## WORKING DATA

Content starts

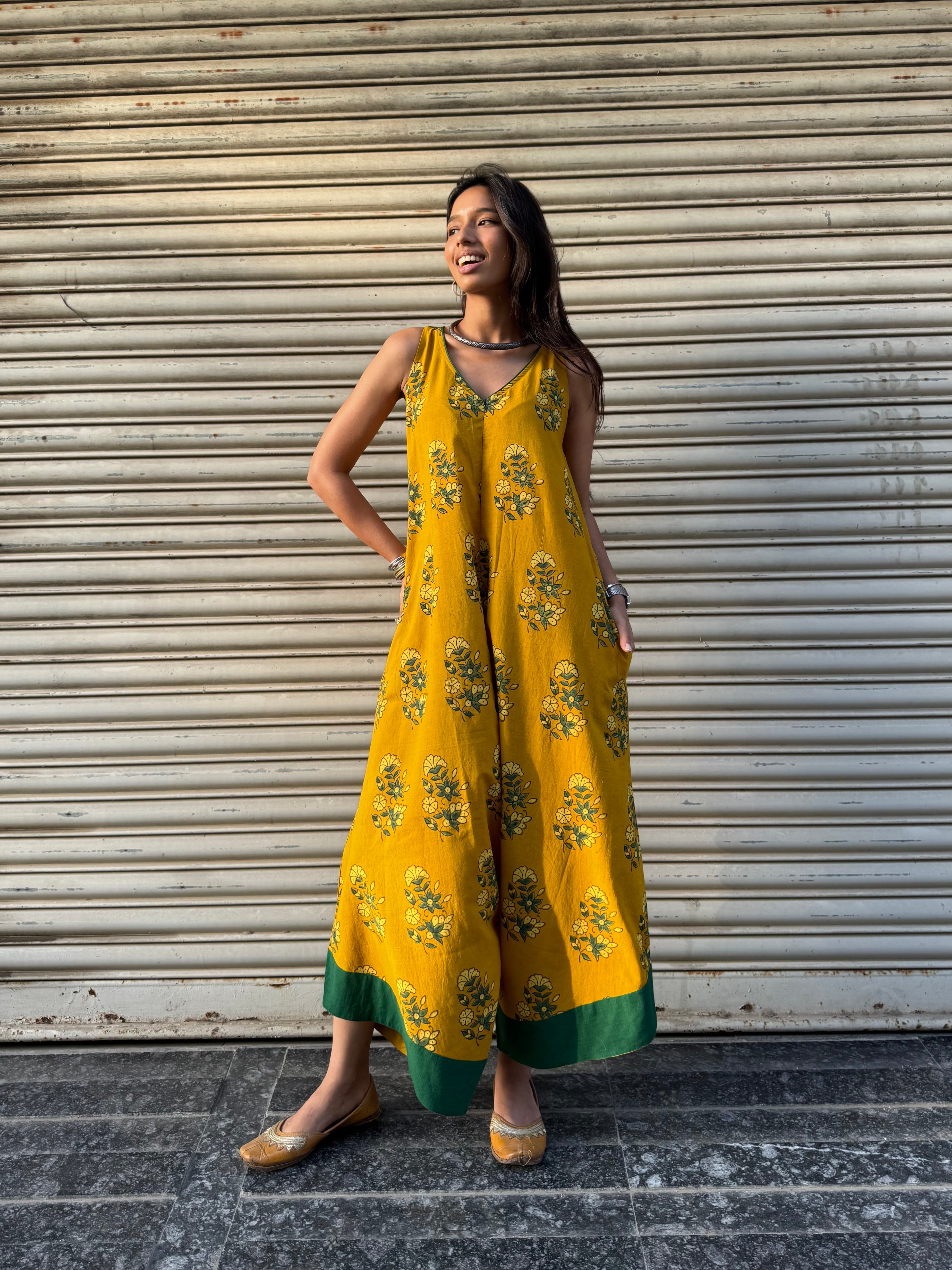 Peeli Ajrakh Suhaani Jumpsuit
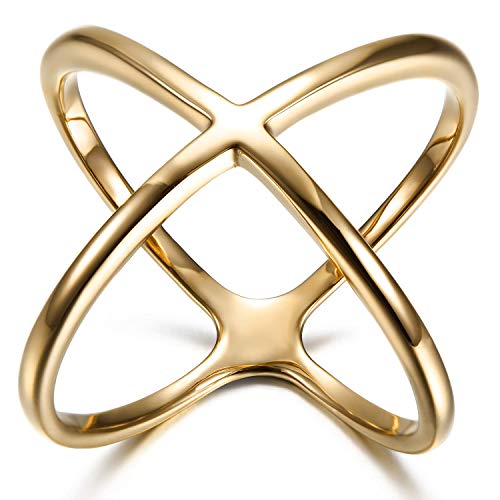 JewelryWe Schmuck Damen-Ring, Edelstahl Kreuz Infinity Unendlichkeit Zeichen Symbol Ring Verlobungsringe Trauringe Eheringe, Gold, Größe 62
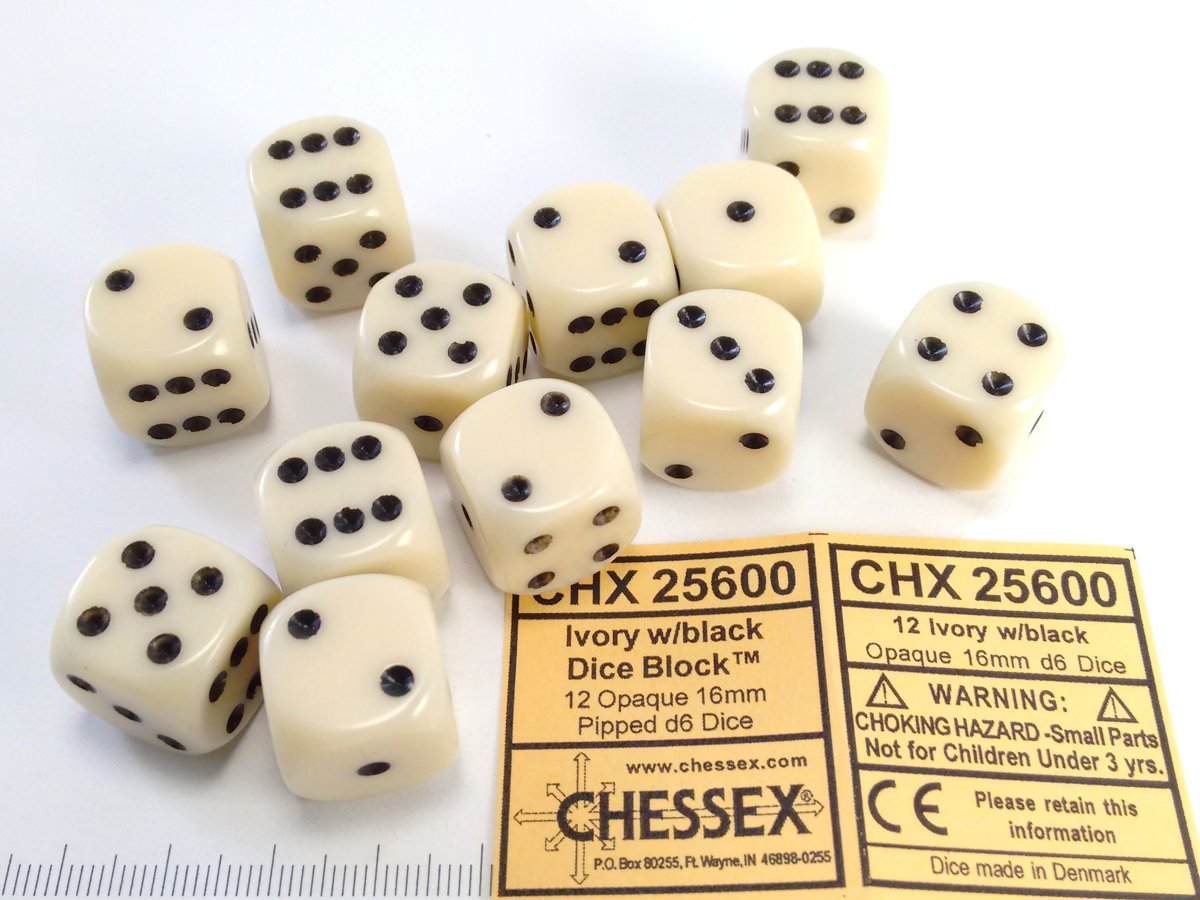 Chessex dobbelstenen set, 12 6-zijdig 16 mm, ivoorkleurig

Content ends
Content starts

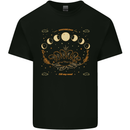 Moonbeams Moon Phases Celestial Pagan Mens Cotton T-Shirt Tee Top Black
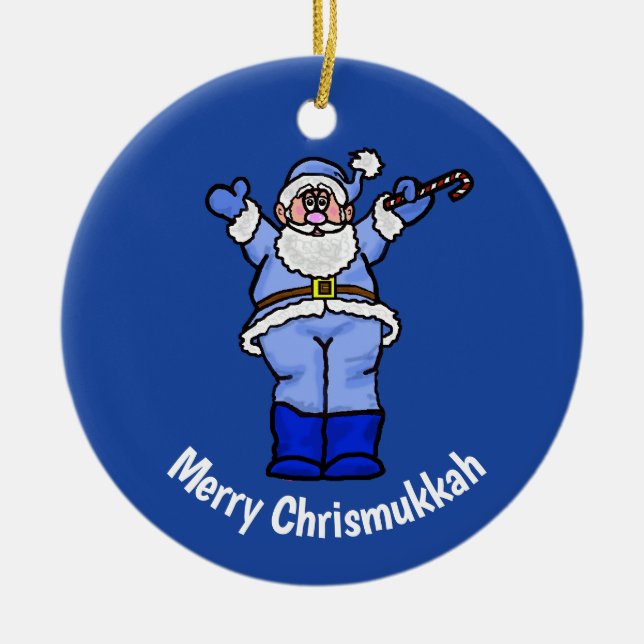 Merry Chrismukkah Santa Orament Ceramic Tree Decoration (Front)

Content ends

## PROBLEM DETAILS
Leave out every picture, and copy exactly the lines above starting at the one holding "JewelryWe Schmuck Damen-Ring, Edelstahl" and ending at the one holding "Chessex dobbelstenen set, 12", no more and no less.

## TASK SOLUTION
 JewelryWe Schmuck Damen-Ring, Edelstahl Kreuz Infinity Unendlichkeit Zeichen Symbol Ring Verlobungsringe Trauringe Eheringe, Gold, Größe 62
 Chessex dobbelstenen set, 12 6-zijdig 16 mm, ivoorkleurig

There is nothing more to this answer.